GialappaShow, la Gialappa’s Band: “Non facciamo imitazioni, facciamo parodie che tendono all’eccesso”

Il GialappaShow torna il 30 marzo su TV8 e Sky Uno. Marco Santin e Giorgio Gherarducci, le voci della Gialappa’s Band, restano fedeli alla loro natura: in cuffia, mai in video, voce fuori campo di uno show che in tre anni è diventato il programma comico più solido della televisione italiana.

Alla conferenza stampa di presentazione della settima stagione hanno risposto alle domande con la stessa flemma dissacrante che è un elemento fondamentale del loro programma.

GialappaShow: “A modo nostro”

I nuovi personaggi della settima stagione nascono, dicono, “grazie alle intuizioni dei comici, che sono bravissimi, e del pool di autori”. Un meccanismo collaudato, che non cambia anche perché funziona perfettamente così.

Ma c’è anche una riflessione più ampia sul momento della comicità italiana: “In questo momento storico va di moda la stand-up comedy, che affronta temi importanti e che non si combacia bene con il nostro stile. È nelle parodie che troviamo gli aspetti più divertenti, la loro ideazione è più semplice, mentre la creazione dei nuovi personaggi richiede uno sforzo maggiore. Ci fa piacere chiarire che noi non facciamo imitazioni, ma parodie, che tendono all’eccesso”.

Una distinzione che spiega molto del tono del programma — non il ritratto fedele, ma la deformazione grottesca.

C’è chi si offende. Monica Setta si era molto stizzita dalla caricatura di Giulia Vecchio, al punto da rivolgersi a un avvocato: “Meno male che non se l’è presa – rispondono ferocemente – diciamo che Giulia deve sforzarsi molto per non superare l’originale. Però spiegatele che è una parodia, un po’ come quando in Piazza Duomo ti fanno una caricatura e non un ritratto. Certi tratti sono esagerati….”

Sul cast e la selezione umana

Il segreto del GialappaShow, secondo la Gialappa’s, non è un segreto: “Il successo dei programmi arriva solamente se ci sono i comici e gli autori bravi. È fondamentale lavorare insieme a persone umanamente di spessore. Ci sono stati comici che non ci sono piaciuti umanamente e quindi non li abbiamo presi”. Una selezione che va oltre la bravura tecnica, e che spiega la coesione di un cast che in sette stagioni non ha mai dato l’impressione di essere un insieme di sketch scollegati.
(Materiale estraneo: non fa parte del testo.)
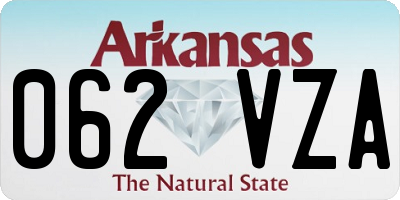 AR license plate 062VZA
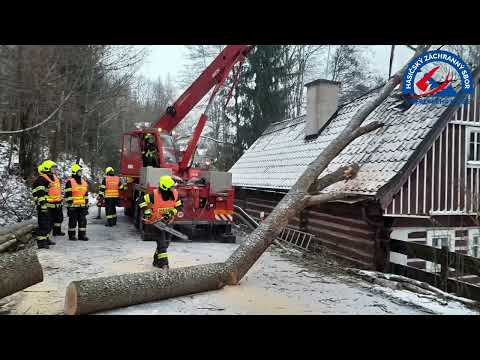 Zásah v Peřimově na Jilemnicku
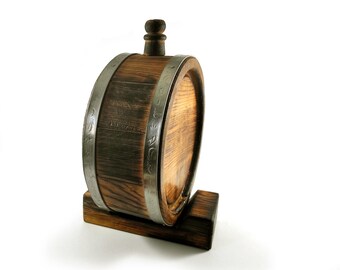 Vintage Miniature Brass Beer Keg Whiskey Barrel Wine Barrel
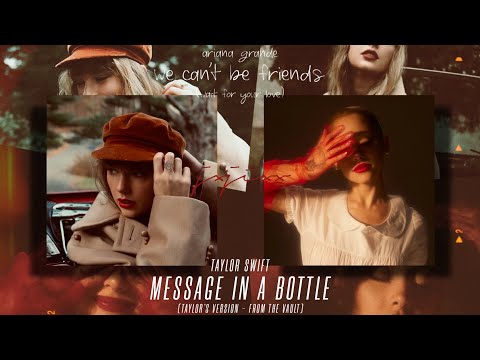 message in a bottle x we cant be friends sped up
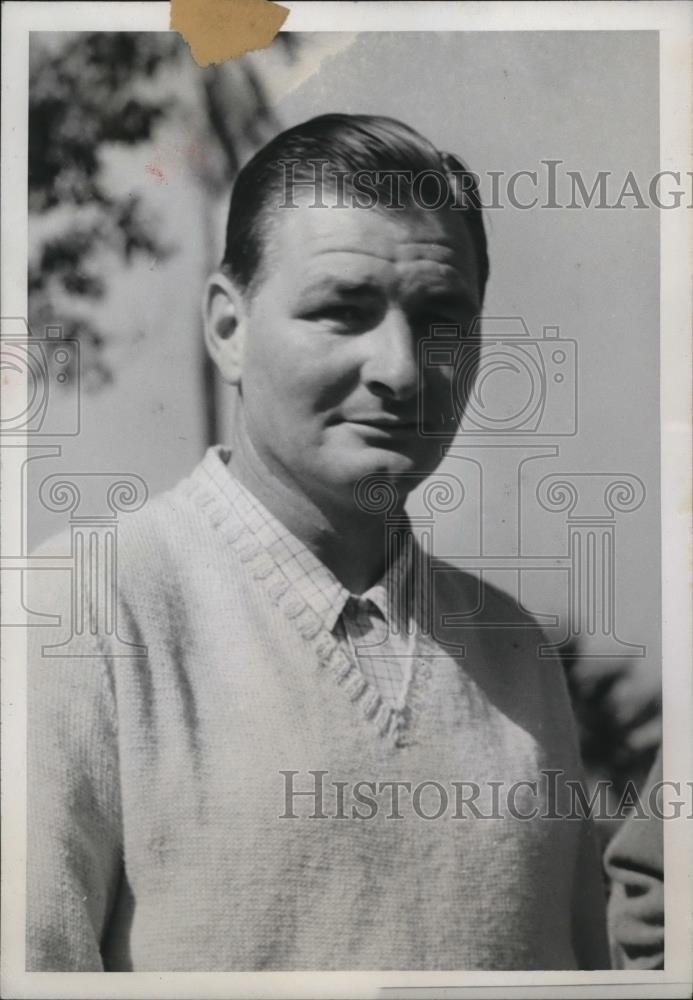 1945 Press Photo Jug McSpaden in Miami Springs Open golf vs Chick Rutan - Historic Images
Dalla terza puntata arriverà anche Carlo Amleto, momentaneamente impegnato in tour: “Lui fa delle cose difficilissime ed è un perfezionista, motivi per cui la registrazione dei suoi sketch dura parecchio”. Potrebbe essere una delle novità più interessanti di questa settima stagione.
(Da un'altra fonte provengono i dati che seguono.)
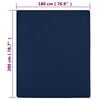 vidaXL Hoeslaken jersey 180x200 cm katoen marineblauw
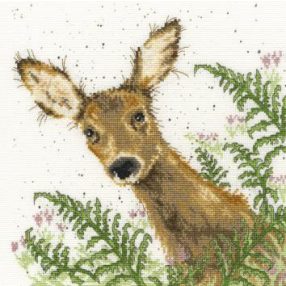 XHD32 Doe A Deer 26x26 cm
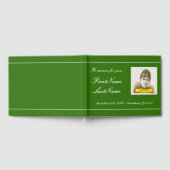 基本カスタマイズ葬式/メモリアル客書 ゲストブック (全面)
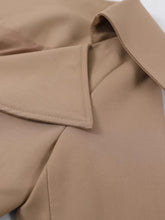 Load image into Gallery viewer, Women's Off-Shoulder Belted Trench Coat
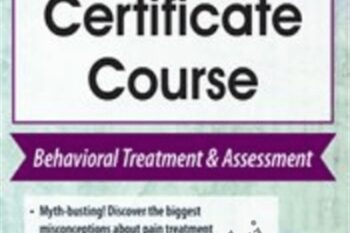 2-Day-Chronic Pain Certificate Course-Behavioral Treatment and Assessment - Robert Rosenbaum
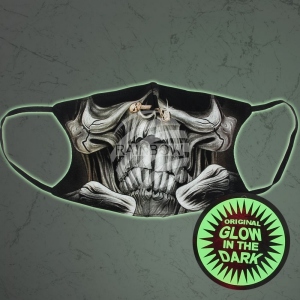 Atemschutzmaske mit Motiv Glow in the dark MASK-037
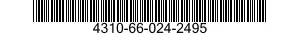 4310-66-024-2495 VALVE,FLAPPER 4310660242495 660242495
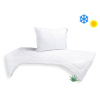 SET Přikrývka Aloe Vera 140x200cm celoroční 850g + Polštář UNICO AloeVera 70x90cm 900g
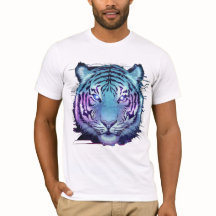 Cyberpunk Tiger T Shirt - Neon Circuit Animal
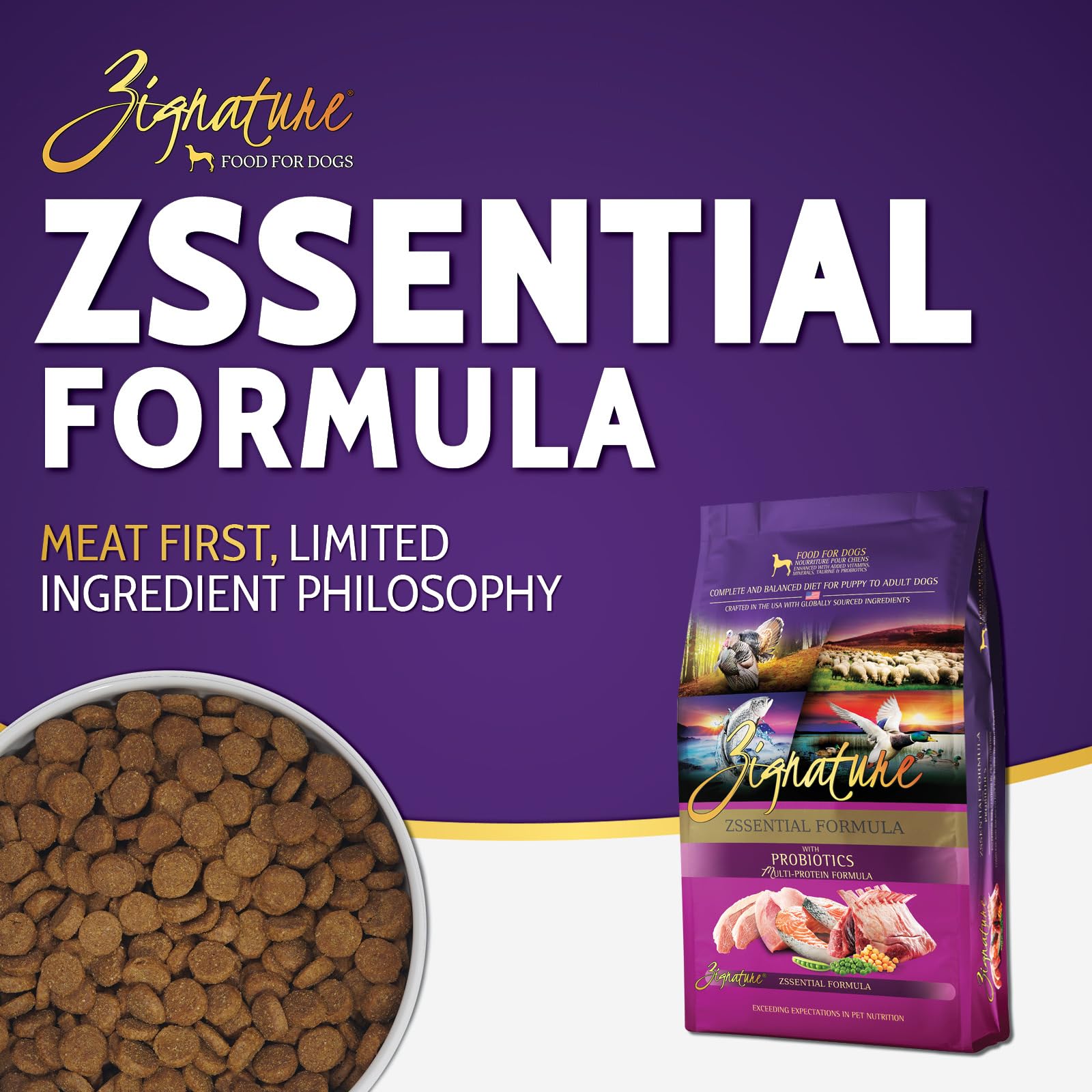 Zignature Zssential Limited Ingredient Formula Dry Dog Food 12.5lb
GialappaShow JOvanotti e Forest
Jovanotti, conduttore della prima trasmissione, insieme al Mago Forest – Credits SKY (TVBlog.it)

Sugli ospiti e Checco Zalone

Il meccanismo degli ospiti-co-conduttori è ormai uno dei tratti distintivi del programma. E la Gialappa’s lo descrive con una frase secca: “La cosa bella è che gli ospiti che vengono da noi non lo fanno di certo per i soldi, ma perché si divertono, al punto che talvolta lo chiedono loro. Laura Pausini mi cerca ogni tre giorni per chiedermi di poter tornare: potrà farlo quando canterà Bella Ciao”.
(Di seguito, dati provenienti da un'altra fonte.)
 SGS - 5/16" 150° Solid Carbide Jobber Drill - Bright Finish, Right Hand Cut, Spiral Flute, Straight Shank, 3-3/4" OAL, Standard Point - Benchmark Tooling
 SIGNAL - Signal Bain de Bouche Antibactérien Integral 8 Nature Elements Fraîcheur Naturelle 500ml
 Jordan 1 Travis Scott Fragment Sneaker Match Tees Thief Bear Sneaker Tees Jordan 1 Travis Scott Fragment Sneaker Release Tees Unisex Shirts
Dopo Jovanotti nella prima puntata, la seconda vedrà Luca Argentero, che pochi giorni fa ha registrato con Pio e Amedeo la prima trasmissione di Stanno Tutti Invitati nei panni di un medico alle prese con freddure. A seguire Matilda De Angelis, Serena Brancale e Jake La Furia. Il sogno dichiarato? “Checco Zalone”.

Il Mago Forest: tra ministeri e Santanché

Anche il Mago Forest, riconfermato a centro studio ha la sua parte di rilievo. È lui ad aprire la conferenza stampa con una battuta: “Ringrazio la Gialappa’s per avermi invitato qui. Io ho condotto la prima puntata, ma non so se ci sarò nella seconda, perché si è liberato un posto da Ministro”. E chiude con un’indiscrezione: “Ho anche la Santanché nel book, ma è in trattativa“. Il rapporto con la Gialappa’s, racconta, funziona al contrario della censura normale: “Nelle prove mi può scappare qualche espressione che, però, poi evito di dire durante la puntata. Giorgio e Marco, invece, si arrabbiano e mi chiedono di ripeterle negli appuntamenti”.

Con Jovanotti, aggiunge, “mi sono divertito moltissimo, fra l’altro io sono un suo grande fan”.